If you were born in the late 20th century as I, there is a good chance you haven't watched the best court room drama of all time, which I hereby insist that you must. The title alone may not even be known to most people, and that is a shame, because "12 angry men" is a fantastic movie that definitely deserves attention. The movie depicts the ongoing ruling of 12 jurors, eleven of which are convinced that the defendant is guilty, but are all met with the resistance of one juror determined to question what seems so obvious to the others.
The merits of the case, and the movie, are clear. A young man is charged with murdering his father and the evidence against him is compelling. As both sides have given their closing arguments the jury retires to their chambers, and is faced with the decision of condemning a man to capital punishment. As the setting is set for the viewers and the different characters introduced, the actual course of the movie takes place, and it begins with a preliminary vote: Guilty or not guilty. When the tone of agreement has been set, there are 11 votes "guilty" and 1 "not guilty"; and as the 11 rests their eyes upon the one, juror #8, the movie unfolds in a uniquely interesting manner. Juror #8(Henry Fonda) starts off with nothing to validate his position, other than saying that he does not want to sentence a young man to death before at least talking about it. And from that point on, the jurors begin to explore the case's circumstances, all the arguments and testimonies, and one by one starts to rethink their position on the issue.
What makes this so interesting to watch, is that the movie's plot unfolds at the same pace it unfolds for the characters. Apart from what was said during court, no information is held back, which puts the jurors in the same position as the viewers. This allows a deeper involvement in the movie, and creates a feeling that the viewer is uncovering the truth alongside the characters themselves. It almost feels like a detective/criminal investigation movie at times, and even though the movie "suffers" from old age and outdated cinematic effects, the suspense never ceases to exist. The excitement is also strongly affirmed by the growing tension between the jurors, many of which are greatly inconvenienced by their required presence. The feeling of claustrophobia grows larger, and as the persistence of juror #8 starts to affect some of the others, the viewer begins to understand the meaning of the title "12 angry men".

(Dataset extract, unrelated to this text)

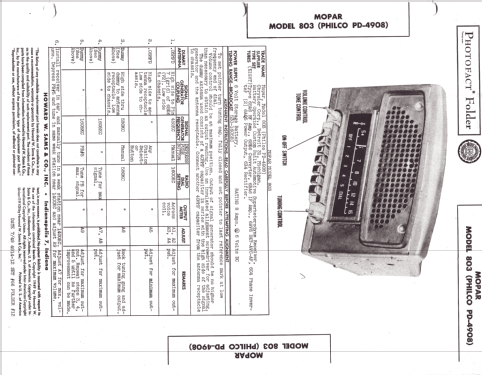 Mopar 803 PD-4908; Philco, Philadelphia (ID = 1330730) Car Radio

As the title also suggests, the number of key characters is large, especially since they all appear on screen at all times. Despite this the movie never seems to confuse the viewer with a clutter of characters. Instead it constantly complements all of the jurors' presence, and never makes any of them feel expendable. This is achieved by presenting all the characters individually, but in such a seamless way that the viewer hardly notices that it's going on. This is also what helps emphasize the feeling of being on the same pace with the characters. As we learn more about the jurors, so do the jurors themselves. This process takes place throughout the entire movie, constantly evolving every character and makes it more and more clear, as to why everyone stands where they stand.
All of these different things come together and deliver a weirdly subtle yet suspenseful drama, rich on both deep character involvement, and masterful writing. The movie appeals to the our sense of rational thinking, by making the characters question the circumstances of the case, while also making the viewer question them. On top of that "12 angry men" has a wide range of characters, and strikes a near impossible balance, of equalizing the importance of all of them, and thereby justifying their ongoing presence.
This isn't a courtroom drama, this is THE courtroom drama, and it sets the bar of which all other movies within the genre should be judged.